→ The problem
Once the line containing "Zadná sedačka na bicykel GROOVY - 3" is found in the entries below, reproduce it and every line after it, stopping at and including the line containing "Blazer | Heavy"; reproduce nothing else, and keep each line exact.

[[ Data supplied open ]]

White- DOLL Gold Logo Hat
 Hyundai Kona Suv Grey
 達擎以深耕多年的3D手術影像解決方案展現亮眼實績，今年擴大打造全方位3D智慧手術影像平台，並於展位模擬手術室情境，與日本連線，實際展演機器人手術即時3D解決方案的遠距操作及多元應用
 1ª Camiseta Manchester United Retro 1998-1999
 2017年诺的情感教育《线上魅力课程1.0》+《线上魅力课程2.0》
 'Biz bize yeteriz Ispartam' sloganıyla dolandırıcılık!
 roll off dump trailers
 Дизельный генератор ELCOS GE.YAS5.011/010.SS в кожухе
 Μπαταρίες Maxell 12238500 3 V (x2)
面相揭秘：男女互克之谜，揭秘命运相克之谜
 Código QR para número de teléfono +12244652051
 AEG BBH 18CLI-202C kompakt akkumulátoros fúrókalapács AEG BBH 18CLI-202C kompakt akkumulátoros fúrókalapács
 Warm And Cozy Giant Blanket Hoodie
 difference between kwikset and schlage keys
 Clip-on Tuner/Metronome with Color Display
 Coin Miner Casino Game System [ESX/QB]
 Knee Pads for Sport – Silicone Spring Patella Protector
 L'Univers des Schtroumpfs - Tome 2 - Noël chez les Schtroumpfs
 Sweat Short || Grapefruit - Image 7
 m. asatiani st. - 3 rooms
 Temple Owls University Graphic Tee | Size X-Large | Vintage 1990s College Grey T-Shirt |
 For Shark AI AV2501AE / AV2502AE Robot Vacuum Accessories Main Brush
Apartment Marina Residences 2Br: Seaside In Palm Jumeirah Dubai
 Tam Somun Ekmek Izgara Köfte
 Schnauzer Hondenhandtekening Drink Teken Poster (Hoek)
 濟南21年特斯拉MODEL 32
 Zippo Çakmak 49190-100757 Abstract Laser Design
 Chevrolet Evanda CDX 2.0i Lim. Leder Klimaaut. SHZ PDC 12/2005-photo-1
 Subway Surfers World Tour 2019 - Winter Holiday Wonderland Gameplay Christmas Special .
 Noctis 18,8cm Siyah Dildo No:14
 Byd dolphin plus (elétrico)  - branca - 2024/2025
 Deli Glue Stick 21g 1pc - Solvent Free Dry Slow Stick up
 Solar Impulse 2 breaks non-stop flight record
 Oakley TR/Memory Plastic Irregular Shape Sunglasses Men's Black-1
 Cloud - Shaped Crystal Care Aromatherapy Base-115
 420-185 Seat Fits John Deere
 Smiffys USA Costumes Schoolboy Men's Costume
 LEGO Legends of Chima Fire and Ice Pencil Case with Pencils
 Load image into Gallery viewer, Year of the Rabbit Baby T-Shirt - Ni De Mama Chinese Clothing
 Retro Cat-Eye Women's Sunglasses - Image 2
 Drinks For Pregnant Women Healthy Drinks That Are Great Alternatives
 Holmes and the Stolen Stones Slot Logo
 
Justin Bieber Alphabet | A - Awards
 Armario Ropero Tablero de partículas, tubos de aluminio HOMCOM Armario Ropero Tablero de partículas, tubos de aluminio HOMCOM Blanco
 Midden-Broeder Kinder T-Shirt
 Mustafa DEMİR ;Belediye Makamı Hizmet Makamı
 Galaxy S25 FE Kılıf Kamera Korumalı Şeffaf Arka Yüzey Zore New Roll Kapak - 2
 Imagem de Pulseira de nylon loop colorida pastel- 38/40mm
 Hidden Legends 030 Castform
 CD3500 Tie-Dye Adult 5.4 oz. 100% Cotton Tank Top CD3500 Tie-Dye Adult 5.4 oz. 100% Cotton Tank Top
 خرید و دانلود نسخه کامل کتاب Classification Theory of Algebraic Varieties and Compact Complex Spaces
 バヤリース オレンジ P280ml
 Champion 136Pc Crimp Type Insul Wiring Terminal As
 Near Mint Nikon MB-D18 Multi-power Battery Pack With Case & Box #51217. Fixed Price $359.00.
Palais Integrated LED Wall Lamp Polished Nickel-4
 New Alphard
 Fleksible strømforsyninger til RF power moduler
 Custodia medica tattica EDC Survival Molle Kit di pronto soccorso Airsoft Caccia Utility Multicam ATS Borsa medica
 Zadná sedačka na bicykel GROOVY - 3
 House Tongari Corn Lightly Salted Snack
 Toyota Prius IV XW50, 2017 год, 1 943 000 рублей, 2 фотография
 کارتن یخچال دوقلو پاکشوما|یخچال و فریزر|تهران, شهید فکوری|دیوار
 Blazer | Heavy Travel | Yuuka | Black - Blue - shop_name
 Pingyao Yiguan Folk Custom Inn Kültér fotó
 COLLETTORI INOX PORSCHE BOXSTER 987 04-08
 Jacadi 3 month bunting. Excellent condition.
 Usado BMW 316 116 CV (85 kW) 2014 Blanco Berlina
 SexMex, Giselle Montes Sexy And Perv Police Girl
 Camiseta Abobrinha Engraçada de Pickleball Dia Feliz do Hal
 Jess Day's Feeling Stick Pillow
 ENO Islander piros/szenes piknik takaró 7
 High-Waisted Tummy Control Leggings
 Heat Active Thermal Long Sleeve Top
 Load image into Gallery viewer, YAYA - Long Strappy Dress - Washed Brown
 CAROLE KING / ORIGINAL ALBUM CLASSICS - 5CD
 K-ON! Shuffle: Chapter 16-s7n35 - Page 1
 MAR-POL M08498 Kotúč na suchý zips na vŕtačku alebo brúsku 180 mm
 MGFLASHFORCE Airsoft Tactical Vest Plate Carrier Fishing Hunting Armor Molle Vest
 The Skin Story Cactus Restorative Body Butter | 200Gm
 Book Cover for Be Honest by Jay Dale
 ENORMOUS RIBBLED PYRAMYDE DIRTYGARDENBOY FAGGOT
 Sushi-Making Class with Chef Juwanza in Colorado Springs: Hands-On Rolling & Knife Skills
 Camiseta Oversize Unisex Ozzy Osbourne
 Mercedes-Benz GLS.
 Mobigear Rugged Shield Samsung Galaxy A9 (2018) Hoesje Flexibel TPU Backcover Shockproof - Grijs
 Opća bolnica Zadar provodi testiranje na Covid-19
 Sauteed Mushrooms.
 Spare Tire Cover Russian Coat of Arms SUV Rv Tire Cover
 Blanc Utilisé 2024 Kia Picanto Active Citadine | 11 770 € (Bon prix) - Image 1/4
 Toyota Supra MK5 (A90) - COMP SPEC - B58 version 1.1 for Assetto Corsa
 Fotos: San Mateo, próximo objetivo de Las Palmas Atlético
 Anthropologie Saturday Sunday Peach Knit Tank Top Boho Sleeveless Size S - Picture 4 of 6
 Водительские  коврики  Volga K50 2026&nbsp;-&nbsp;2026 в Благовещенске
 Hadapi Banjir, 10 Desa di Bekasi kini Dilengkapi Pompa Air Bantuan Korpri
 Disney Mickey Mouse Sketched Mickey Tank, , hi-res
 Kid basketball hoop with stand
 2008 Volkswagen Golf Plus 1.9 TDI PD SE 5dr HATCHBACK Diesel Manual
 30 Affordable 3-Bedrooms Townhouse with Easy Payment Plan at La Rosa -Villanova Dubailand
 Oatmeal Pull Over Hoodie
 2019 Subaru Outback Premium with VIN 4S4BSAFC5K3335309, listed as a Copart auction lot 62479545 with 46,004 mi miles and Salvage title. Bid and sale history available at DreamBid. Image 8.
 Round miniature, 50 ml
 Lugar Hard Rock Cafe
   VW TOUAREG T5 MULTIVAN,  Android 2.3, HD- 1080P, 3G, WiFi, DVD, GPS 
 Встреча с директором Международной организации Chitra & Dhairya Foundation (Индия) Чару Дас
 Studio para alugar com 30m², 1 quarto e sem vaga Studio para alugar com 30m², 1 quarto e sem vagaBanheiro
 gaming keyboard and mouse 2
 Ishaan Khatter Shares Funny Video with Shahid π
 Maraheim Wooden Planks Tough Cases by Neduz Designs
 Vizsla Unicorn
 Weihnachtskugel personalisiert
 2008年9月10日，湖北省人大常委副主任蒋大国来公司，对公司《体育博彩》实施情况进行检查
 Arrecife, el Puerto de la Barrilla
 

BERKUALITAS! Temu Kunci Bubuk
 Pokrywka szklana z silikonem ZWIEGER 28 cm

[[ Data supplied closed ]]

→ Exercise output
 Zadná sedačka na bicykel GROOVY - 3
 House Tongari Corn Lightly Salted Snack
 Toyota Prius IV XW50, 2017 год, 1 943 000 рублей, 2 фотография
 کارتن یخچال دوقلو پاکشوما|یخچال و فریزر|تهران, شهید فکوری|دیوار
 Blazer | Heavy Travel | Yuuka | Black - Blue - shop_name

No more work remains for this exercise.